An important effect of this policy was to establish a broad link between crude oil, gasoline and ethanol prices in the country (Figure 2). This correlation emerged because ethanol has been competitive on price with gasoline and there has been discretionary blending on top of mandated use. Discretionary blending was constrained to 10% until the end of 2011. It has been raised to 15% since then. Looking ahead, discretionary blending could play a more influential role when blends higher than 10% become more common. In all, while there is little evidence to suggest that ethanol or maize prices are directly linked to gasoline or oil prices, demand for maize to fulfill the ethanol mandate is supporting maize prices.

Sugar

Traditionally, the price of this carbohydrate raw material on the global market was mainly dictated by its production cost in Brazil. The country is the one of the world's lowest cost producer and largest exporter of the product.

However, the last few years have seen a fundamental change in global sugar price dynamics. This change was brought about by the rapid growth in Brazil's flex-fuel vehicle (FFVs) sector since the mid-2000s. FFVs can run on either gasoline or ethanol (produced from sugarcane in Brazil).

Over time, the expanding ethanol demand from the FFV fleet has led to the establishment of a relationship between ethanol and gasoline prices. This means that, in addition to Brazil's production costs, sugar prices are now influenced by crude oil prices via the ethanol sector in Brazil. If the sugar price falls below its ethanol equivalent, Brazilian millers are able to divert cane away from sugar into ethanol.

This switching is possible because most of the sugarcane mills in the country are integrated, which means that ethanol is produced from sugarcane as an integrated part of the sugar production process. Depending on the relative prices of sugar and ethanol, sugarcane millers can alter their product mix (within capacity constraint).
The result of these dynamics is that the interaction between Brazil's ethanol market and world oil prices has now become an important driver of global sugar prices in the long run. This relationship is illustrated in Figure 3.

This link is weaker in the short run as domestic gasoline prices do not follow global crude oil prices. This is because of the government's influence which means that the Brazilian gasoline price has not changed since the beginning of 2006, despite the phenomenal volatility witnessed by global crude oil prices over the same period.

The reason why the support ethanol prices provide to sugar prices has increased so much in recent years is the strengthening of the Brazilian currency, which has inflated gasoline (and therefore ethanol) prices in US dollar terms.

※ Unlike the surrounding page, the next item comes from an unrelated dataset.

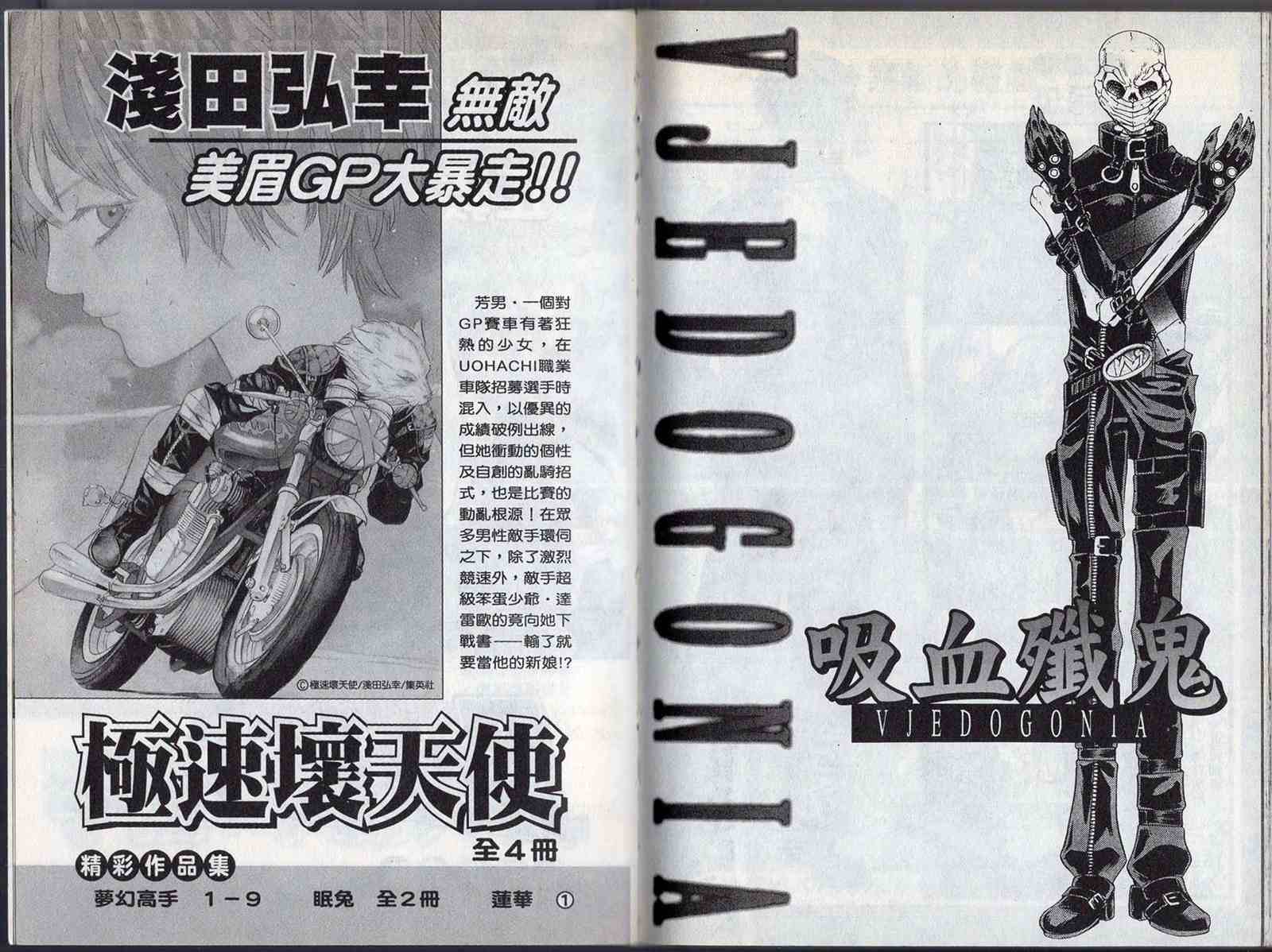 第90页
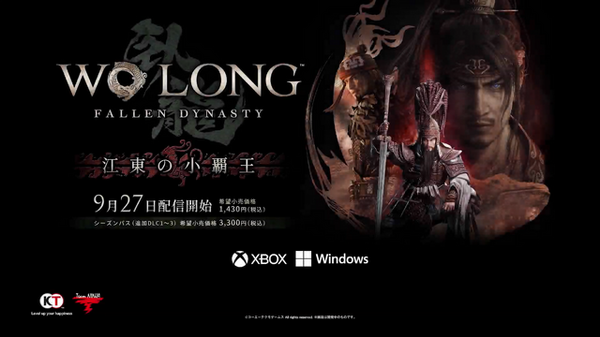 "Wo Long: Fallen Dynasty" DLC 2nd "Koto no Koha King" New Trailer! تصوير صراع Sonkaku بعد وفاة الابن [TGS2023] الصورة / الصورة السادسة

This, coupled with strong demand from the FFV fleet, means that the support provided to sugar prices by the ethanol market more than doubled since 2009!

Conclusions

The link between crude oil prices and carbohydrate crop prices is far from direct, but there is little doubt that energy prices have influenced carbohydrate crop prices in recent years. In the near future, demand growth from the food, feed, ethanol and bio-chemical sectors is expected to outstrip supply. This will support crop prices at high levels which are required to encourage growth.

While the new price regime is expected to continue into the future, the impact of crude oil prices on the various carbohydrate crops will be different because of the varying dynamics explained above.

LMC International has been forecasting crop prices for over 30 years. The establishment of the new price regime means that we now also consider crude oil prices when forecasting carbohydrate crop prices. Figure 4 illustrates this point for maize, highlighting the wide range of maize prices associated with different crude oil price scenarios.

Players in the chemical industry seeking to divorce their feedstock supply chains from crude oil price volatility will need to recognize this new price regime and determine if there truly is a cost incentive associated with switching from petroleum-based raw materials and into carbohydrate crops.